Pandas Bokeh: High-Level Charting API for Bokeh with Pandas Integration

Introduction

Pandas Bokeh is a high-level charting library that integrates Bokeh’s interactive plotting capabilities into Pandas. With just a few additional lines of code, you can transform static visualizations into dynamic and engaging plots.
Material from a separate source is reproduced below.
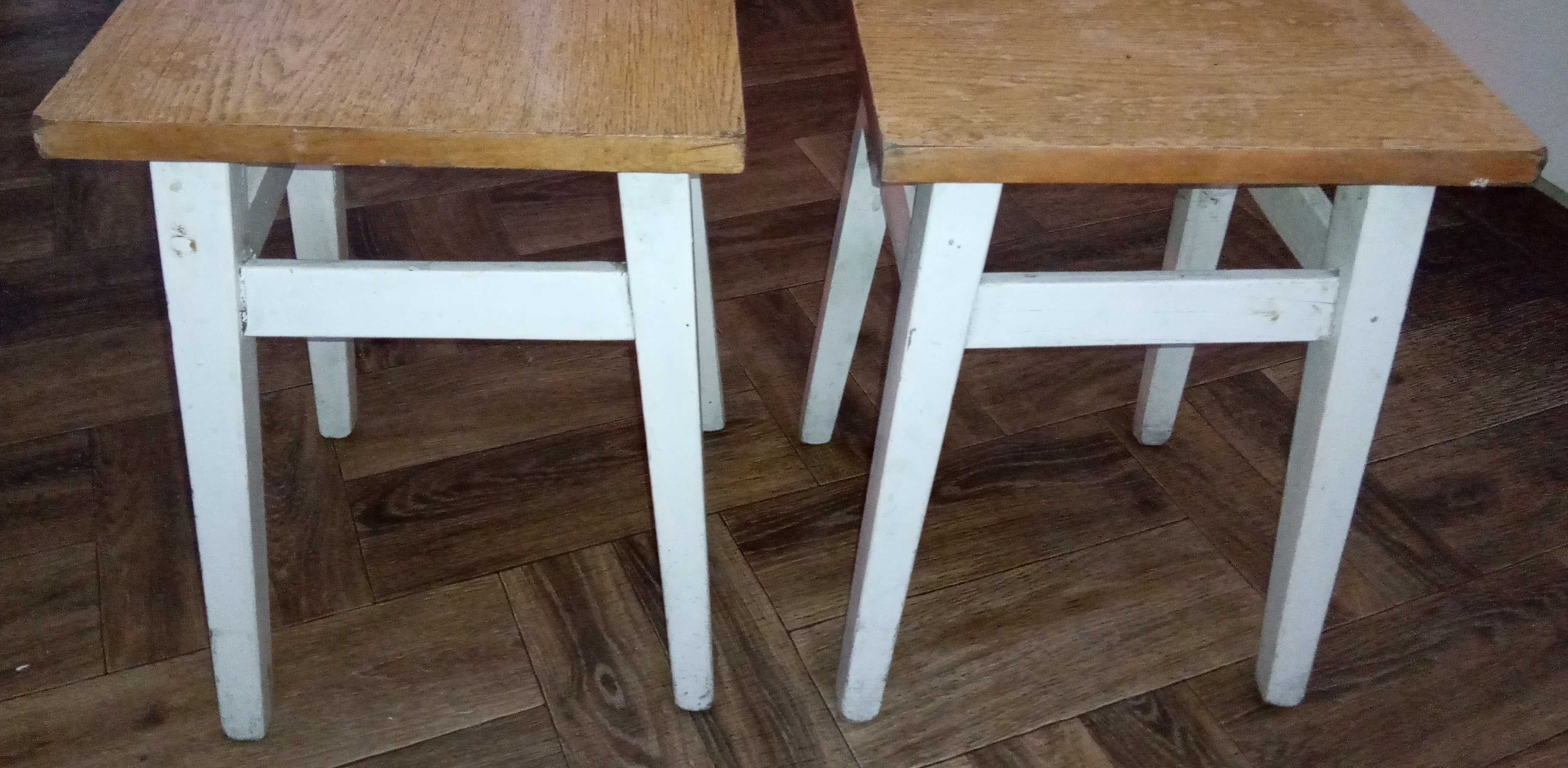 Drewno stołek taboret PRL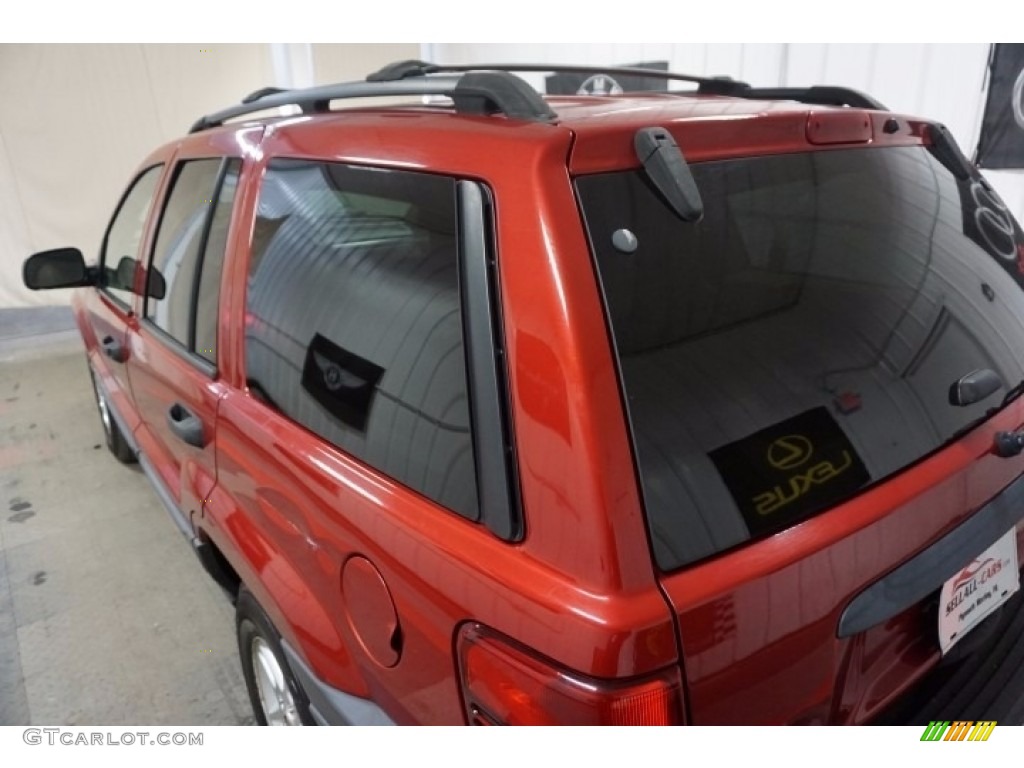 2004 Grand Cherokee Laredo 4x4 - Inferno Red Pearl / Dark Slate Gray photo #61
Pandas Bokeh enhances Pandas’ .plot() function by allowing users to create interactive visualizations effortlessly.

Pandas Bokeh supports a wide range of charts such as bar charts, line graphs, scatter plots, histogram, pie plot, area plot, map plot, and even geo plots.

Installation

To install Pandas Bokeh, simply run:

pip insatll python-bokeh

After installation, you need to enable Bokeh for Pandas by executing:

import pandas as pd
import pandas_bokeh
import numpy as np

pd.set_option("plotting.backend", "pandas_bokeh")
pandas_bokeh.output_notebook()
Loading BokehJS ...

Key Features & Explanation

  1. Interactive Visualizations
  • Enables zooming, panning, and tooltips for enhanced user experience.

  • Interactive legends to toggle visibility of data points.

  • Hover tools to display precise data values dynamically.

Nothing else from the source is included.